(Source data)

· · · ·

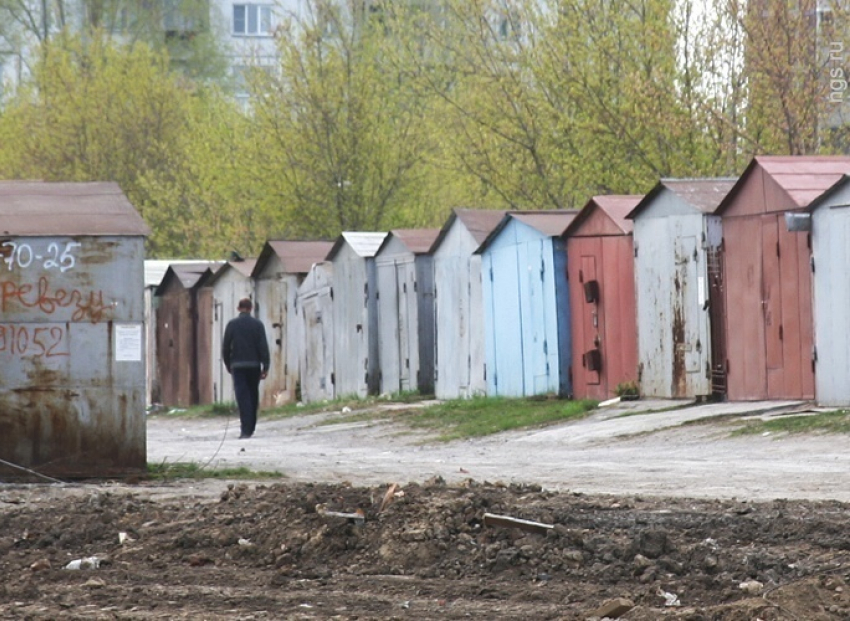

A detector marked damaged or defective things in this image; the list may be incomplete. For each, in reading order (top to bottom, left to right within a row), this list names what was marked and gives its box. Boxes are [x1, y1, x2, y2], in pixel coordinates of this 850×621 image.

rusty roof [0, 182, 149, 237]
rusty roof [250, 239, 332, 274]
rusty roof [326, 234, 390, 260]
rusty roof [380, 228, 440, 254]
rusty roof [474, 209, 580, 253]
rusty roof [564, 194, 644, 235]
rusty roof [624, 178, 736, 219]
rusty roof [720, 155, 850, 213]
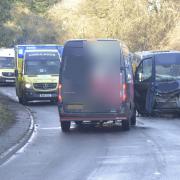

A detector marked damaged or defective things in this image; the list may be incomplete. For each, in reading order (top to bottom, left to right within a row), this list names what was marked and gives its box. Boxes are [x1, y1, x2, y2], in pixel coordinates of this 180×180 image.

damaged dark van [57, 39, 135, 131]
damaged dark van [134, 50, 180, 115]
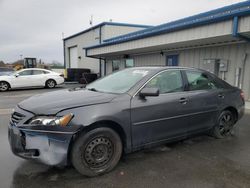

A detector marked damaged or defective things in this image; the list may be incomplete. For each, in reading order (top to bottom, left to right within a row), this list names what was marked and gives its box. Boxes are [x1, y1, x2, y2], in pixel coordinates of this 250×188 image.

damaged front bumper [8, 119, 81, 166]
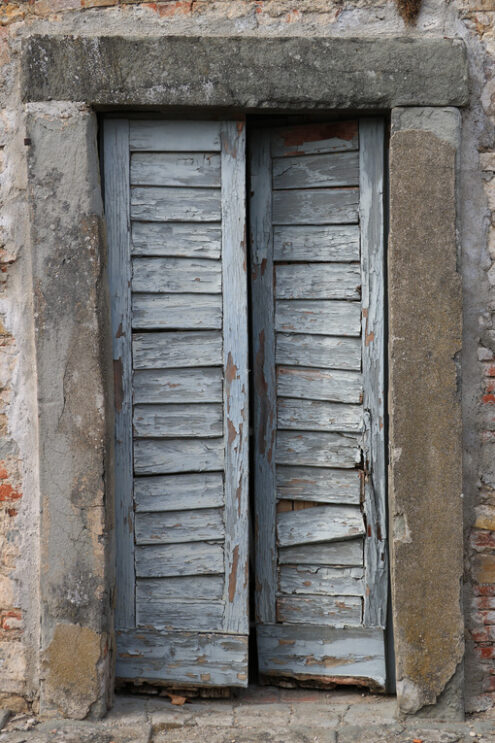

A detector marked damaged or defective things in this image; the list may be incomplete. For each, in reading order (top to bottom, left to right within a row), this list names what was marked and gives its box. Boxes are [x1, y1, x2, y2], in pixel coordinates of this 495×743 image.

broken slat [131, 152, 220, 187]
broken slat [274, 151, 358, 190]
broken slat [132, 222, 221, 260]
broken slat [272, 225, 360, 264]
broken slat [134, 258, 223, 294]
broken slat [276, 264, 360, 300]
broken slat [134, 292, 223, 330]
broken slat [278, 300, 362, 338]
broken slat [134, 332, 223, 370]
broken slat [276, 334, 360, 372]
broken slat [134, 370, 223, 404]
broken slat [278, 368, 362, 404]
broken slat [134, 404, 223, 438]
broken slat [280, 402, 364, 436]
broken slat [133, 436, 224, 476]
broken slat [134, 474, 223, 516]
broken slat [278, 464, 362, 506]
broken slat [136, 506, 225, 548]
broken slat [278, 506, 366, 548]
broken slat [136, 544, 225, 580]
broken slat [278, 592, 362, 628]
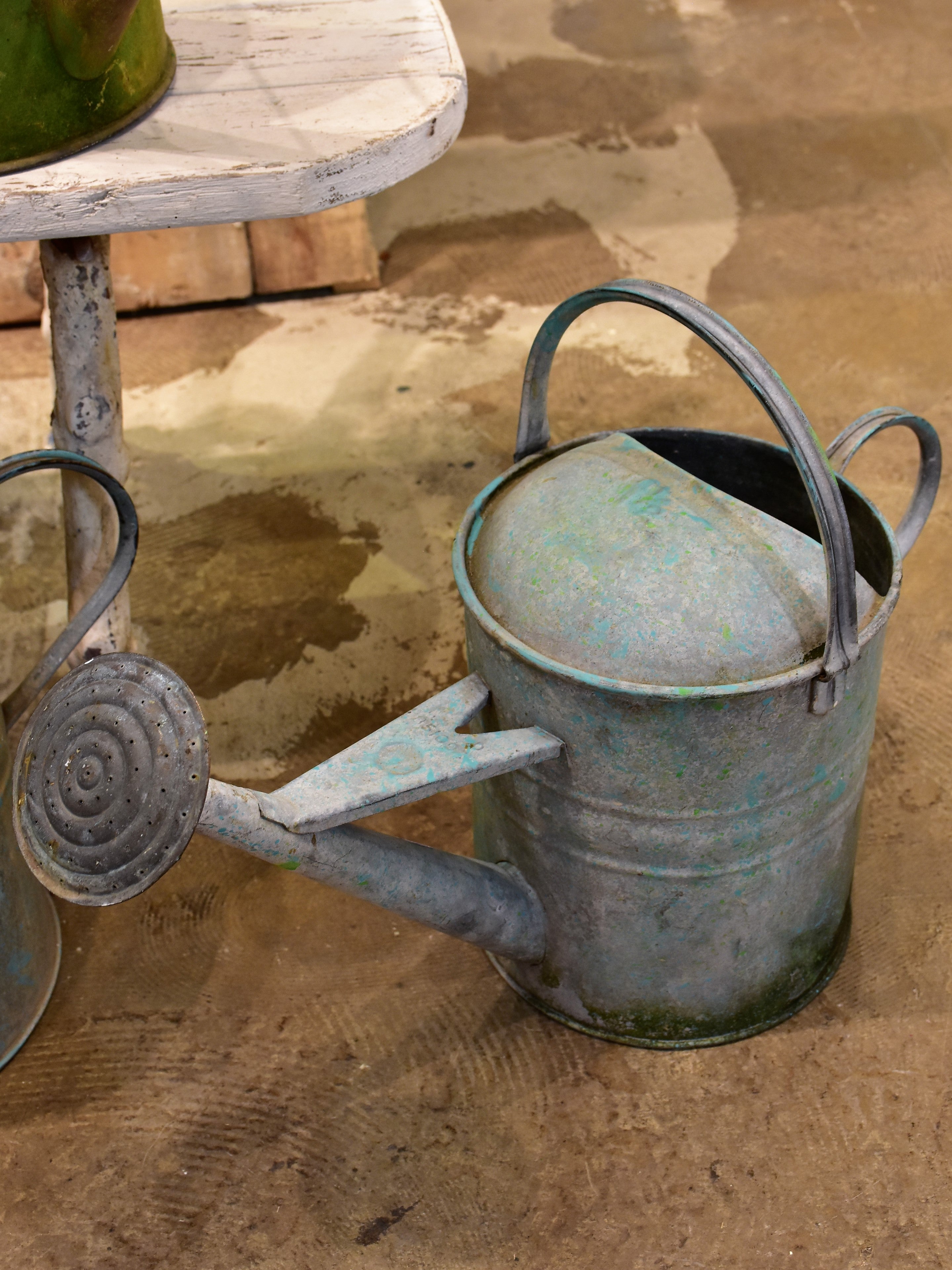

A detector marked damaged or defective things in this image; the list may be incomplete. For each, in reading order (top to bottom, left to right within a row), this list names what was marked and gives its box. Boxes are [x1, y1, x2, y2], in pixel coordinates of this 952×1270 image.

chipped white paint [0, 0, 467, 241]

· · · ·

REQUIRED ACTION - Print exactly the lines that run from the line containing "this 952×1270 image." to the end of the data, both ends included.

ANSWER FOR THIS EXERCISE -
A detector marked damaged or defective things in this image; the list may be incomplete. For each, in reading order (top to bottom, left to right within a row), this list names what was marked and gives its box. Boxes are [x1, y1, x2, y2], in pixel coordinates of this 952×1270 image.

chipped white paint [0, 0, 467, 241]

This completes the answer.